EPEN-32. Leveraging cell surface targets as therapeutic vulnerabilities for pediatric ependymoma

Abstract

Brain tumors are the leading cause of cancer-associated death in children. Ependymoma, an aggressive type of childhood brain tumor, is currently treated with surgery and radiotherapy. Ependymomas are a molecularly heterogeneous group of tumors driven by distinct genetic and epigenetic alterations. In children, 90% of ependymomas arise intracranially, with two thirds occurring in the posterior fossa (PF) and one third in the supratentorial brain (ST). PF ependymomas are divided into at least two groups termed, PFA and PFB, with PFA tumors associated with poor clinical outcomes. Over 70% of ST ependymoma are characterized by an oncogenic fusion between ZFTA and RELA and shown in some cohorts to have poor clinical outcome, particularly in the context of CDKN2A tumor suppressor gene loss. A major challenge in identifying therapies against ependymoma, has been the paucity of genetic abnormalities available for targeting.

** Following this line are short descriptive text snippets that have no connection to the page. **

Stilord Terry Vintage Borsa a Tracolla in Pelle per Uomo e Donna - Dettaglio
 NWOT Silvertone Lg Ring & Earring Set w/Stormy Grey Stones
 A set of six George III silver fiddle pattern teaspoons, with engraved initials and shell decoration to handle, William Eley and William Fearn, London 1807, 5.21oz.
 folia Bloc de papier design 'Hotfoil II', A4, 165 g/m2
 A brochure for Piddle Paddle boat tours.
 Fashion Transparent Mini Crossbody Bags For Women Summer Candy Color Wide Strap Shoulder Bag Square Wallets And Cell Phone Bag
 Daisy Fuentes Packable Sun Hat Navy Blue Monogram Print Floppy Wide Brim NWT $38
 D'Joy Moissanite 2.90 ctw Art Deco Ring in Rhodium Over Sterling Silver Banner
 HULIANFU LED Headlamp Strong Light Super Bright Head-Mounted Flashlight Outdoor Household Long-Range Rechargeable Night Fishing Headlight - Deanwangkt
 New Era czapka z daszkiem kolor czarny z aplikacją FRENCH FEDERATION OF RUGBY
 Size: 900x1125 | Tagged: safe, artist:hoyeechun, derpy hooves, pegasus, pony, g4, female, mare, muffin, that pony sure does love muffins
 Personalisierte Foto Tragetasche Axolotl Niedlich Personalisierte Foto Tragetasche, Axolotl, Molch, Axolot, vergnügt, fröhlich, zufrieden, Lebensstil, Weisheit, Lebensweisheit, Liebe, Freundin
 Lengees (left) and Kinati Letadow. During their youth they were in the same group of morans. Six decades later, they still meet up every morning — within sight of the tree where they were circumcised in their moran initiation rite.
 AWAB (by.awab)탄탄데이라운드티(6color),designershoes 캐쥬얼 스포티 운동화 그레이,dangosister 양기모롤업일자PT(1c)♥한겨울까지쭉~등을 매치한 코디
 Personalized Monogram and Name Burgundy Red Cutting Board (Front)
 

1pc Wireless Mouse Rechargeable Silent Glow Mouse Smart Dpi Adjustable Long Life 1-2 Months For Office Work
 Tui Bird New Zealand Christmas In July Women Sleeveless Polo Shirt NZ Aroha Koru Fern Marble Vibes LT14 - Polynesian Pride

PFA ependymomas harbor largely balanced genomes with no recurrent CNVs, fusions, or somatic mutations that are amenable to pharmacologic inhibition. ZFTA-RELA ependymoma while representing a clear disease driver, functions as a transcription factor and lacks clear binding surfaces available for direct inhibition using small molecules. Therefore, alternative approaches are needed to identify new targets and effective therapies in ependymoma to be evaluated in pre-clinical models. In both human ependymoma cell culture lines and PDX models, we demonstrate that a multi-omic approach is promising for cell surface target discovery, and further, focused cell surface profiling can identify lead targets that can be rapidly translated for CAR T-cell therapy.